### WORK ORDER:
Look below for the line holding "不思议迷宫银河漫游指南怎么得 深思定向越野攻略[多图]图片2" and the line holding "夏侯文 中国工艺美术大师《龙凤纹贯耳瓶》". Transcribe exactly those lines and all lines between them, nothing more.

--- START ---

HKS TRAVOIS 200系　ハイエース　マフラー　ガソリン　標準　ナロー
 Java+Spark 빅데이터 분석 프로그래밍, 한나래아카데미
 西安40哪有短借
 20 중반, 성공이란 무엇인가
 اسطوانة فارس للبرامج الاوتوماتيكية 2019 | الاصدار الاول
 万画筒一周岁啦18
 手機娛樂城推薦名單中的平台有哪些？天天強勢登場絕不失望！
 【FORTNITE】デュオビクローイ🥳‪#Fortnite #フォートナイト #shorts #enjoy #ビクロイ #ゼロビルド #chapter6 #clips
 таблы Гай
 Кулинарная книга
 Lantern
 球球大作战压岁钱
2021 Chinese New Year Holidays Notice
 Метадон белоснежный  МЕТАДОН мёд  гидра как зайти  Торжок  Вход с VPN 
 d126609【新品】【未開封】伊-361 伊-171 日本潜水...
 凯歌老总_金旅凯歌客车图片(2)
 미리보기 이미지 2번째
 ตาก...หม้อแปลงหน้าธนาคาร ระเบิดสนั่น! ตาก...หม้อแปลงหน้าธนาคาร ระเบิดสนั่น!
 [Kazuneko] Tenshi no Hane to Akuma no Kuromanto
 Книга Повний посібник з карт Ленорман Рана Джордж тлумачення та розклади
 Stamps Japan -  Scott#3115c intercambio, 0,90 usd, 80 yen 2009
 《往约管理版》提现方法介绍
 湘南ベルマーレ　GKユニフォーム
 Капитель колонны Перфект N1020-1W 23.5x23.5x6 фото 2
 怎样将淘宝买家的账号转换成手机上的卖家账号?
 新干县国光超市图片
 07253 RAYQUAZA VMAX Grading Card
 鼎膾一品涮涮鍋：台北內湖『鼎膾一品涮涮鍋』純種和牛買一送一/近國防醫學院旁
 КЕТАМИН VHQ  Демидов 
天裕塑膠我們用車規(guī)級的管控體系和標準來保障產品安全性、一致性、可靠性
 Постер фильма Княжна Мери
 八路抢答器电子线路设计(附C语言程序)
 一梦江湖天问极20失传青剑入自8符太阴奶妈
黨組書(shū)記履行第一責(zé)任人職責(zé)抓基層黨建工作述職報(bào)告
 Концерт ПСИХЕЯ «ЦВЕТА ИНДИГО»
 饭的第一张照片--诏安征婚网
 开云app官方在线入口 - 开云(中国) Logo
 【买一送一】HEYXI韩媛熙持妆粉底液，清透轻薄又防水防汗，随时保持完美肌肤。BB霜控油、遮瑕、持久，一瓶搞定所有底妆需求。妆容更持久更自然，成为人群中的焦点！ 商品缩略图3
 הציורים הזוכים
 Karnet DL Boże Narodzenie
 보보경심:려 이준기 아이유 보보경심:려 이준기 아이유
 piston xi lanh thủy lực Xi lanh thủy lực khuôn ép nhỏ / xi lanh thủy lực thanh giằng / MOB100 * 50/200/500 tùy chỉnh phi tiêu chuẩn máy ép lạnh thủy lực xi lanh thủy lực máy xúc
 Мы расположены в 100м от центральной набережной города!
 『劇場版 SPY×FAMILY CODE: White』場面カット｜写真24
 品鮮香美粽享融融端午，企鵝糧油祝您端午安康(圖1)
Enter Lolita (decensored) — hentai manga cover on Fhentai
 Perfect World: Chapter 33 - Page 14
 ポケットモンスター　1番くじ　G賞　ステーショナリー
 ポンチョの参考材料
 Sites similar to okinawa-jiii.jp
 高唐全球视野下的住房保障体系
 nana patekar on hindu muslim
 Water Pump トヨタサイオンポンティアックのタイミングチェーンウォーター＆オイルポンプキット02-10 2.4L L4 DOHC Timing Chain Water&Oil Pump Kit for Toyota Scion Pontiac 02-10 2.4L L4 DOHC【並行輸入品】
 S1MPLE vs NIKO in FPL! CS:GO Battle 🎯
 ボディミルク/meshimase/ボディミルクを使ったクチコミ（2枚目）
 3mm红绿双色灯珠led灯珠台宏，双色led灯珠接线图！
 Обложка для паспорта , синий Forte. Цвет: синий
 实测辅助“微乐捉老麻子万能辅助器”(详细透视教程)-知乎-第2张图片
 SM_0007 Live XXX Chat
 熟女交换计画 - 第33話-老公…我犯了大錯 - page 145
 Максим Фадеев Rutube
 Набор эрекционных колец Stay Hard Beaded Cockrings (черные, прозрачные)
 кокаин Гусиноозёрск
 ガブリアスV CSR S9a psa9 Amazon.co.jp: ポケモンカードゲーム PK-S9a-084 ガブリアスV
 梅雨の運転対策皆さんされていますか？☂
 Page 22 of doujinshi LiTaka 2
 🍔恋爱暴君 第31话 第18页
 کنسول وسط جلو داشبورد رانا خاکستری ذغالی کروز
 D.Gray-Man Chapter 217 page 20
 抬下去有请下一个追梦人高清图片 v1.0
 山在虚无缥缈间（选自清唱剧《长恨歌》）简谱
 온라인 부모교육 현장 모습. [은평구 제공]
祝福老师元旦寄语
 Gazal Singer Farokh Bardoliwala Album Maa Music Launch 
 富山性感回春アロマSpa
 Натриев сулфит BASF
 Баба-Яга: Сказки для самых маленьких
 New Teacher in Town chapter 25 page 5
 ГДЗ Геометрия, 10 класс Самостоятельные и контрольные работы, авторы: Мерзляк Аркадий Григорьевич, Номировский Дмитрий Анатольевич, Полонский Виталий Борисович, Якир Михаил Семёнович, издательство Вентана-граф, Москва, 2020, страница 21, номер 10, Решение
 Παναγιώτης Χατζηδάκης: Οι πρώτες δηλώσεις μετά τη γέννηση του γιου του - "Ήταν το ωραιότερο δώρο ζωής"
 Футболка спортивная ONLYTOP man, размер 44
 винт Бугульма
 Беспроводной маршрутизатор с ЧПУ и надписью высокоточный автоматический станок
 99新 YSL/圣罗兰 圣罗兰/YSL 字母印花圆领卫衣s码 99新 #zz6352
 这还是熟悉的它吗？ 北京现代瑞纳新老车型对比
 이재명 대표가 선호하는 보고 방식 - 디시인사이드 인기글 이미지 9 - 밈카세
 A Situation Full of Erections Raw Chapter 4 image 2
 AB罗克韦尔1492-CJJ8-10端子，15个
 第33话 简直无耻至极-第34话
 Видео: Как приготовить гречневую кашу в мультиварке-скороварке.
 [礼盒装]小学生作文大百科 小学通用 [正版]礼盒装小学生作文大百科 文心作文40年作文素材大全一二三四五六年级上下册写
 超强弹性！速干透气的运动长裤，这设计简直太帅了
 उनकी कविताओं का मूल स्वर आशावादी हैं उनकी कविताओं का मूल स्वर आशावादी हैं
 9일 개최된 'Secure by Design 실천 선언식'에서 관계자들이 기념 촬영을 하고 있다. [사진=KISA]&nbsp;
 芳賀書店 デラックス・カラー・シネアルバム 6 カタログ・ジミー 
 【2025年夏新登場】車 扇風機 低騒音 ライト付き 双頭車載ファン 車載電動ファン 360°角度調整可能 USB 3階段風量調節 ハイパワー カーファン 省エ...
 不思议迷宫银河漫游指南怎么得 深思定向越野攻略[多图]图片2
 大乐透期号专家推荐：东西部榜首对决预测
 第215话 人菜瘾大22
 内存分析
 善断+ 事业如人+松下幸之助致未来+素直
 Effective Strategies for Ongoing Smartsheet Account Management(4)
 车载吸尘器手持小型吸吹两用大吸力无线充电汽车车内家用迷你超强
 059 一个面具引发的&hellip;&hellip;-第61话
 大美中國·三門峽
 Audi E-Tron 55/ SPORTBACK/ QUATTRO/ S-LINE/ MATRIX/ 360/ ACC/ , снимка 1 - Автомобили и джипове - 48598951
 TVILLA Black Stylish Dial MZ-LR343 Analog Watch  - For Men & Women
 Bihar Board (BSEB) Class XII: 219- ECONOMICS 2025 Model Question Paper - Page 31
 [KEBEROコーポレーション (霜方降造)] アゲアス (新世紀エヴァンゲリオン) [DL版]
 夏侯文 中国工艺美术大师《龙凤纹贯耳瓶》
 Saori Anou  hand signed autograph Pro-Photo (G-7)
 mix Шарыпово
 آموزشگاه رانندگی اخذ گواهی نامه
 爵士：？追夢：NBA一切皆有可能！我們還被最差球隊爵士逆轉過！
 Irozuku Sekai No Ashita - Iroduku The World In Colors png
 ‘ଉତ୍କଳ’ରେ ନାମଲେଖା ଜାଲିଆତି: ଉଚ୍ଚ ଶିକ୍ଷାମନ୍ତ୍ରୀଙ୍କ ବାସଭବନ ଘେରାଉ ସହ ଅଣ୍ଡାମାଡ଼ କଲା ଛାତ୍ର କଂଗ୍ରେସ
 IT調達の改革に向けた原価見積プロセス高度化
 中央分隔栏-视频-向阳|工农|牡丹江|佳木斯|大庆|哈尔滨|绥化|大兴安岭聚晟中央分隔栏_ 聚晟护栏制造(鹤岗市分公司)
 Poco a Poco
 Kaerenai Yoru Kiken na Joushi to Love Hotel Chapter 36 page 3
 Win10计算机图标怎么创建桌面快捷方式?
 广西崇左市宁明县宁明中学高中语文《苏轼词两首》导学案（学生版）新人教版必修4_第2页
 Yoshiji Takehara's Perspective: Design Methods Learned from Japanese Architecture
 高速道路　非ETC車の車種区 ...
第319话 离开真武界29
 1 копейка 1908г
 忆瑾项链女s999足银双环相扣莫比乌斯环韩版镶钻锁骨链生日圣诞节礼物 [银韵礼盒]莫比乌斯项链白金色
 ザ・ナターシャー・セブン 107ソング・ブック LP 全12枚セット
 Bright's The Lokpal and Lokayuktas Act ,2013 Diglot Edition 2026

--- END ---

### FINAL ANSWER:
 不思议迷宫银河漫游指南怎么得 深思定向越野攻略[多图]图片2
 大乐透期号专家推荐：东西部榜首对决预测
 第215话 人菜瘾大22
 内存分析
 善断+ 事业如人+松下幸之助致未来+素直
 Effective Strategies for Ongoing Smartsheet Account Management(4)
 车载吸尘器手持小型吸吹两用大吸力无线充电汽车车内家用迷你超强
 059 一个面具引发的&hellip;&hellip;-第61话
 大美中國·三門峽
 Audi E-Tron 55/ SPORTBACK/ QUATTRO/ S-LINE/ MATRIX/ 360/ ACC/ , снимка 1 - Автомобили и джипове - 48598951
 TVILLA Black Stylish Dial MZ-LR343 Analog Watch  - For Men & Women
 Bihar Board (BSEB) Class XII: 219- ECONOMICS 2025 Model Question Paper - Page 31
 [KEBEROコーポレーション (霜方降造)] アゲアス (新世紀エヴァンゲリオン) [DL版]
 夏侯文 中国工艺美术大师《龙凤纹贯耳瓶》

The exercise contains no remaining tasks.